最初の1ヶ月はメインの開発業務から少し離れたところでインフラの整備をやっていたが、それでも段々とこの組織の「虚」のようなものが見えてきた。

少人数なのに

当時の開発メンバーは社員2名に副業が3名(+自分)という体制で、会社の規模からすると人数的には恵まれていたのだけど、実際はほぼ全員が経験2年以下くらいのジュニアレベルだった。今どきは新卒でもブイブイ言わせているエンジニアがネットにはうじゃうじゃいるので、経験年数についてはあまり気にしていなかったが、まあつまるところ、技術に関しては信頼を寄せられるようなメンバーではなかったわけだ。

ただ技術面で自分にとっての学びが無かったとしても、このメンバーを成長させられれば貴重な経験になるはず。これも新しいチャンスと思って自分から積極的に関わるようになった。

そもそもメンバー間でのコミュニケーションが希薄だったので、Slackの分報チャンネルや最近流行りのバーチャルオフィスツールなど色々と提案してみた(今も継続されてる)。あと、その頃には新しい技術スタックにも慣れていたので開発のレビューもやるようになった。

ジュニアレベルが多いということもあってフルスタックな人がおらず、作業が分担されていて(これ自体は問題無いけど)、それによってフロントエンドとバックエンドのエンジニアの間で溝ができていたのも大いに問題だった。

この会社規模なら全員がフルスタックであるべきという僕の理想を話したが、とは言えすぐには実現が難しいので、まずは全体での定例会議を設置して、チームを横断して相談できる機会を作った。あとは開発環境を整備したり自動テストを導入して、専門外の開発に参加するハードルを下げることに注力していった。

先輩風を吹かせていると思われないよう自分なりに気を使ったりもしたけど、幸い人間的には良い人ばかりだったので杞憂だったと思う。
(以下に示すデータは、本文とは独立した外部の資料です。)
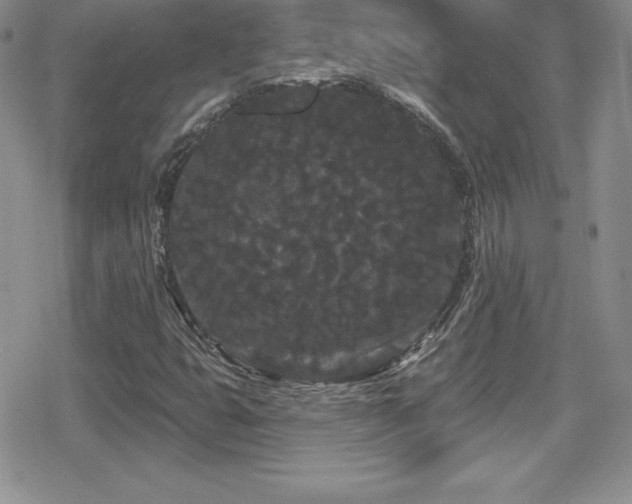 X0000080771399200612151423
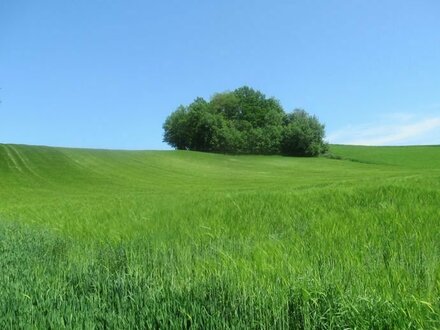 5,3 Hektar Acker und Wiesengrundstücke zwischen Tillbach und Parschalling zu verkaufen!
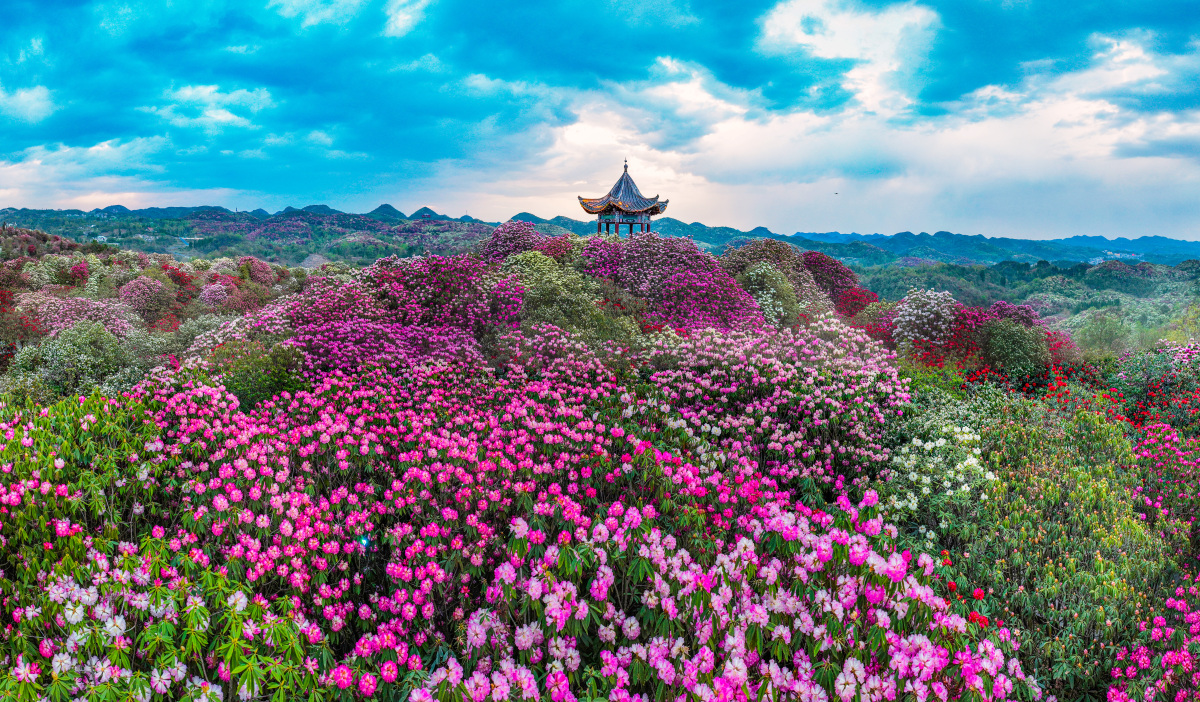 贵州毕节杜鹃花海图片图片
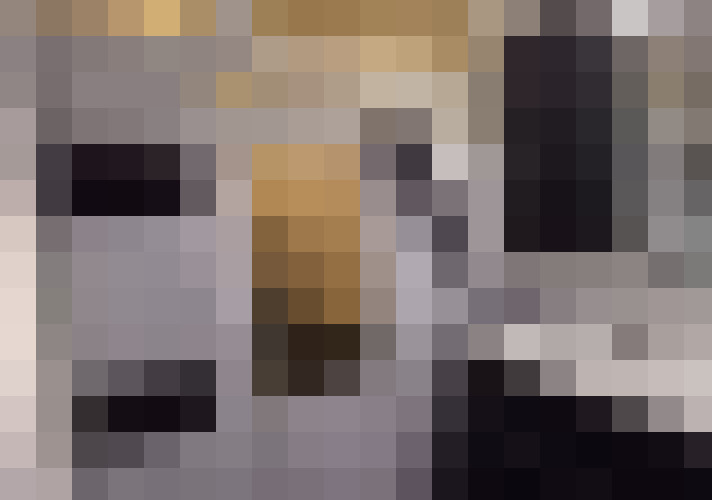 Image 14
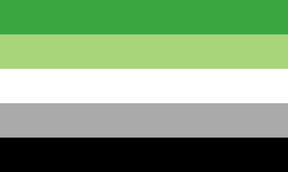 Aromantic Omnisexual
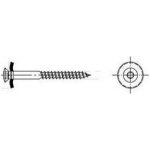 Coleman Klempířský vrut - 80x4,5 nerez TORX EPDM podl. SIBAK45080AA – Hledejceny.cz
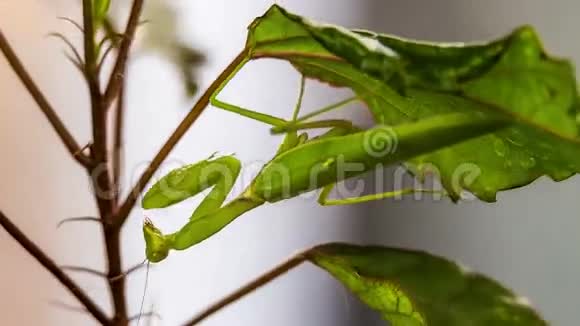 螳螂在等猎物视频的预览图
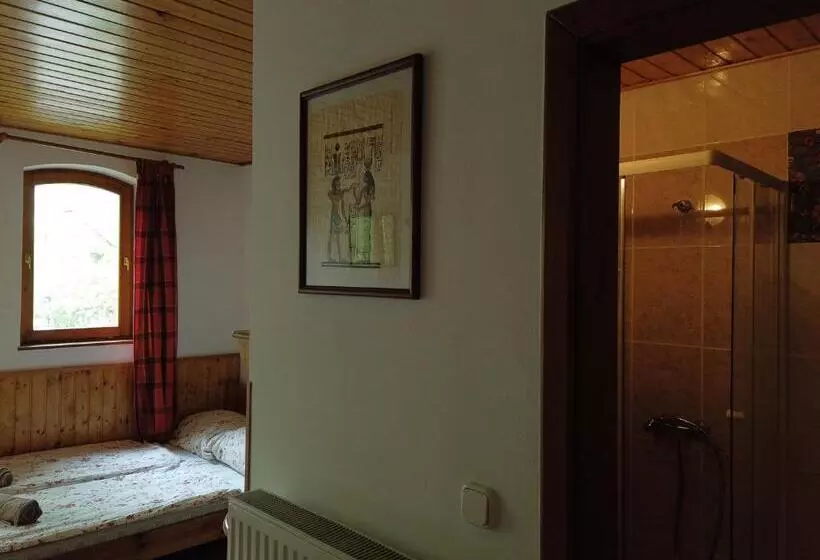 ペンション Vicze Apartmanház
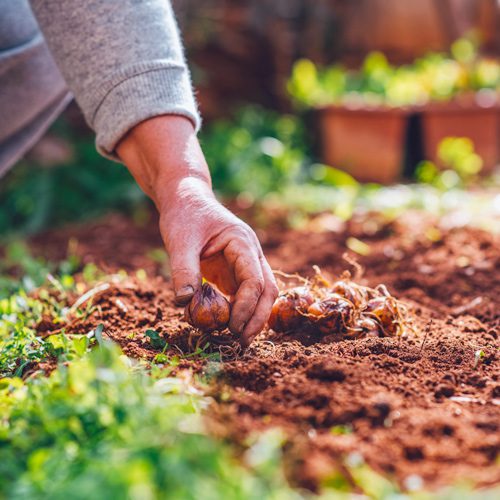 planting bulbs
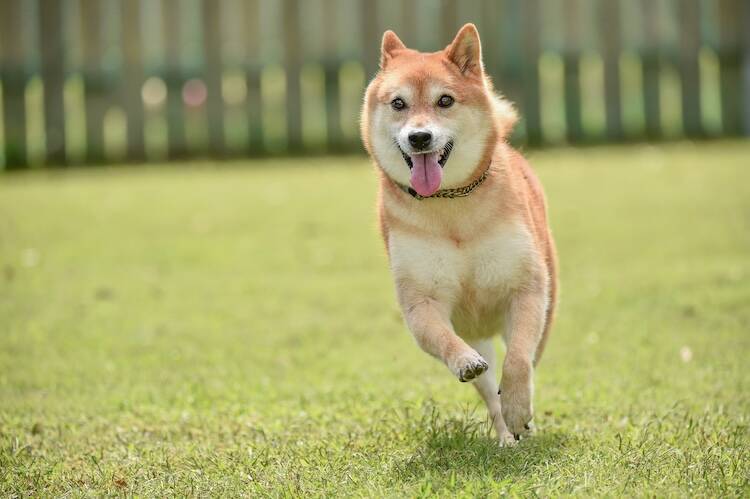 犬の皮膚型リンパ腫を未然に防ぐには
その後少しメンバーの入れ替えはあったものの、現在はフロントエンドとバックエンドのエンジニアが自発的にタッグを組み、並走しながらリリースまでもっていくような体制になっており、当時からすればかなり雰囲気は良くなった。

まあ僕がいなくても結果は変わらなかったかもしれないし成果も測りようが無いけど、こういうチームの変化に携われたのは僕にとっても良い経験になったと思う。

社長は孤独

がっつり働きだして1ヶ月が経過し、このまま入社してリーダー的なポジションをやるのもやぶさかでない気もしていたが、開発メンバー以外の組織についても疑念を感じ始めていた。

どうも社長が孤立しがちだった。本人の人柄も影響しているだろうけど、根本的には経営的な視点を持つ社員が一人もいないことだと思った。その結果ワンマンな采配になってしまい、社員との溝ができてしまうという、なんかありがちな感じ。

曖昧な感覚ではあるけど、やっぱり組織の代表にはある種のカリスマ性が必要だと思う。たとえメンバーの知識やスキルが低かったとしても、彼らを疎外せずにリードする器量が無いと組織はうまく回らない(僕には無いものだからこそ、直感的にわかる)。

悪い人ではないし熱意も十分あるのだけど、この社長で大丈夫なんだろうか。社員はちゃんと付いてくるだろうか。

そういった疑念を解消することができず、僕は社員として入社することを躊躇し始めた。

実際僕の疑念は的中してしまい、今年のはじめから5月頃にかけて、社長直属のメンバーは営業もCSも全員入れ替わってしまった。2週間くらいで辞めた人もいる。スタートアップの離職率は一般的に高いとは言え、1年と経たずに社員の半数以上が居なくなるのはやっぱり何か問題があったのだと思う。

直接話したわけではないけど、社長も思うところがあったんだろう。以前はポテンシャル採用ばかりだったのが、今は中堅どころの人材を採り、マネジメントを一部移管している。これで組織がまとまるかどうか、半年後に期待したい。

ちなみにエンジニアは逆に副業から社員になった人もいて、チームはむしろ強化された(これは流石に僕の功績ではなさそう)。

自由身分

結果として、僕は今も業務委託として働いている。

この自由気ままなポジションが板についているし、しばらくこのままでやっていくのだろう。あと最近、成り行きで起業に巻き込まれそうになっていることもあって、身軽でいたい気持ちもある。これについてはまた今度書こうと思う。